My co-worker just got back from Houston, TX (the dirtiest city in the US!) At the same time Daniel sent me this list; it seem appropriate. You know you’re livin’ in Texas if…
- You measure distance in minutes.
- You’ve ever had to switch from “heat” to “A/C” in the same day.
- Stores don’t have shopping carts; they have buggies.
- Stores don’t have bags; they have sacks.
- You see a car running in the parking lot at the store with no one in it no matter what time of the year.
- You use “fix” as a verb. Example: I am fixing to go to the store.

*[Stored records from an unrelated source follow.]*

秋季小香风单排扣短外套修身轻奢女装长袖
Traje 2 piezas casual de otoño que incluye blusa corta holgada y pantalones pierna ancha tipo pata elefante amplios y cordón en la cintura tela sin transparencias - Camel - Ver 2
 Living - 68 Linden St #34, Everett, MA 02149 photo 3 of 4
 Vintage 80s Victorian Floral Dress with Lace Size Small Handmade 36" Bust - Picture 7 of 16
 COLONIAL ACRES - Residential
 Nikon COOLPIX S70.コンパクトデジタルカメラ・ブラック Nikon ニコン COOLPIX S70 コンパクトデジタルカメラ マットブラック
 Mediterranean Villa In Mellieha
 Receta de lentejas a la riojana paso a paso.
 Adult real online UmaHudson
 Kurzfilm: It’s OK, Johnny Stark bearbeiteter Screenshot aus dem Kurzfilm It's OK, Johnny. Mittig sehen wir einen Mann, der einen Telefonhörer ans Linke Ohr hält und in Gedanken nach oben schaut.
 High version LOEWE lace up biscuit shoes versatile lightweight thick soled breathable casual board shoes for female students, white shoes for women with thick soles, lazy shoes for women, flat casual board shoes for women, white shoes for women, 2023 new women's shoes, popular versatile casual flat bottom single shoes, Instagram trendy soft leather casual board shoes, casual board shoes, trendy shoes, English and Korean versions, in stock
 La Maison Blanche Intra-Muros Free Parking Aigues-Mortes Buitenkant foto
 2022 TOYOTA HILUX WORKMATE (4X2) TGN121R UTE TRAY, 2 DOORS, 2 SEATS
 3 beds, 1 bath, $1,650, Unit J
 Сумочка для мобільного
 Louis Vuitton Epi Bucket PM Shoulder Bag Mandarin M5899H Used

- All the festivals across the state are named after a fruit, vegetable, grain, or animal.
- You install security lights on your house and garage and leave both unlocked.
- You carry jumper cables in your car… for your own car.
- You know what “cow tipping” and “snipe-hunting” are.
- You only own four spices: salt, pepper, ketchup, and Tabasco.
- You think everyone from a bigger city has an accent.
- You think sexy lingerie is a tee shirt and boxer shorts.
- The local papers covers national and international news on one page but requires 6 pages for sports.
- You think that the first day of deer season is a national holiday.
- You know which leaves make good toilet paper.
- You find 90 degrees F “a little warm.”
- You know all four seasons: Almost Summer, Summer, Still Summer, and Christmas.
- You know whether another Texan is from southern, middle, or northern Texas as soon as they open their mouth.
- There is a Dairy Queen in every town with a population of 1000 or more.
- Going to Wal-Mart is a favorite past time known as “goin’ wal-martin” or off to “Wally World.”
- You describe the first cool snap (below 70 degrees) as good chili weather.
- A carbonated soft drink isn’t a soda, cola or pop… it’s a Coke, regardless of brand or flavor.
- (…and in honor of Mike) You believe that the fastest way to get through traffic is to stop in the middle of the intersection during the red light.